Jedes Jahr nehmen sich in Deutschland etwa 10.000 Menschen das Leben – mehr Menschen, als bei Verkehrsunfällen sterben. So beginnt der NDR die Sendung Visite zum Thema: „Medikamente gegen Depression: Nebenwirkung Suizid?“ Denn einige Patienten entwicklen den „Suizid-Wunsch“ erst während der Behandlung mit Antidepressiva. Visite fragt: „Können Medikamente gegen Depressionen tatsächlich zu Selbstmorden führen?“

Die Antwort liefert Psychiater Professor Dr. Tom Bschor von der Schlosspark-Klinik Berlin. Fest stehe, dass Menschen, die mit Antidepressiva behandelt werden, nicht weniger Suizide begehen, obwohl die Arzneimittel die Depression bessern. „Das ist schon sehr erstaunlich. Tendenziell ist es sogar so, dass die Menschen, die das Antidepressivum bekommen, sogar mehr Suizidversuche unternehmen.“ Antidepressiva würden zu oft und zu sorglos verschrieben, klagen Experten.

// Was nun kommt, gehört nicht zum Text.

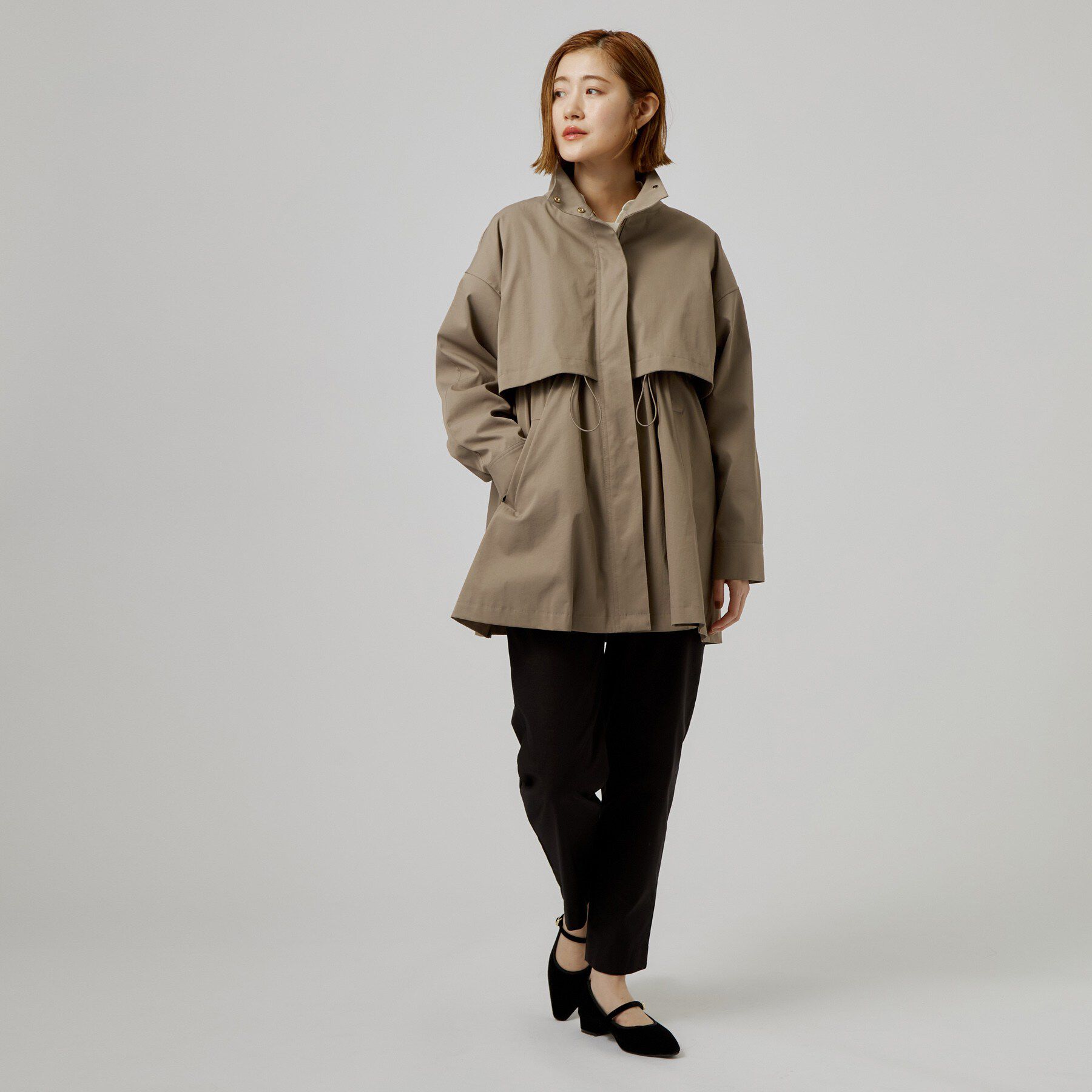 grove「【撥水／シルエット2WAY】さっと羽織って、こなれる。スタンドネックテントラインコート」|その他|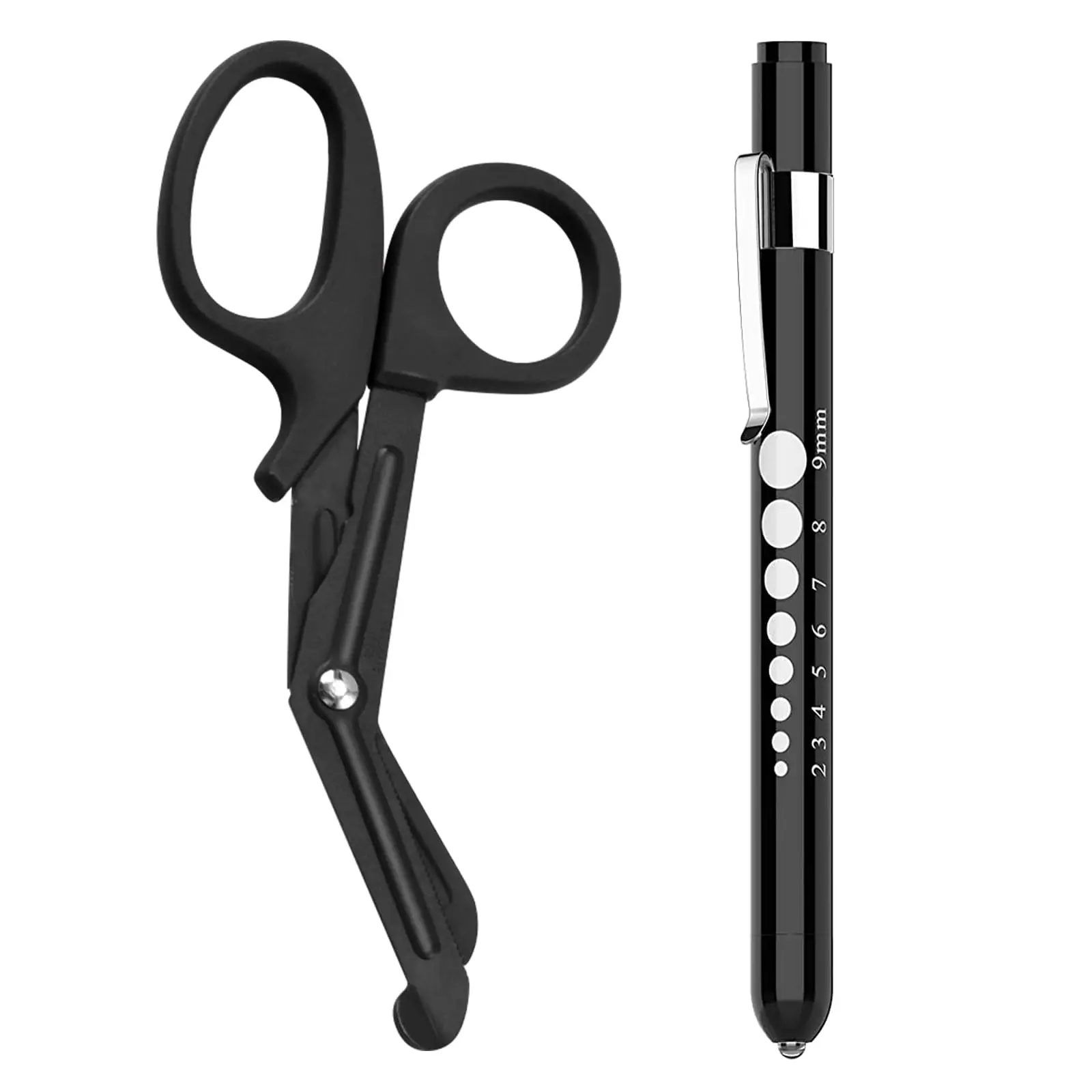 2 Pcs Medical Scissors and Penlights for Nurses Medical Supplies with One Medical Pen light, One 6 inches Scissors Trauma Shears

Der Suizid-Forscher Professor Dr. Bruno Müller-Oerlinghausen hat Daten von 250.000 Menschen, die mit Serotonin-Wiederaufnahmehemmern (SSRI) behandelt wurden, ausgewertet. 85 der Patienten wurden durch die Arzneimitteltherapie suizidal. Die Wirkung der SSRI beruht auf einer selektiven Hemmung der Wiederaufnahme von Serotonin durch die präsynaptischen Nervenzellen. Die Konzentration des Neurotransmitters im synaptischen Spalt steigt – Ängste, Traurigkeit, Antriebslosigkeit und Depression werden vermindert. Die Fähigkeit, im Alltag zu funktionieren, werde erhöht, jedoch werde auch in einigen Fällen der Wunsch nach Selbstmord gesteigert. Ein bekanntes Problem bei Antidepressiva. Gefährlich wird es vor allem, wenn bei schwer depressiven Menschen nur der Antrieb gesteigert wird, nicht aber die Stimmung. Hinzu kommt, dass die antidepressive Wirkung erst nach einigen Wochen einsetzt, während die aktivierenden Effekte meist schnell sichtbar werden. Folge: Die Patienten sind zwar immer noch depressiv, haben aber mehr Energie und setzen ihren Selbstmordgedanken in die Tat um.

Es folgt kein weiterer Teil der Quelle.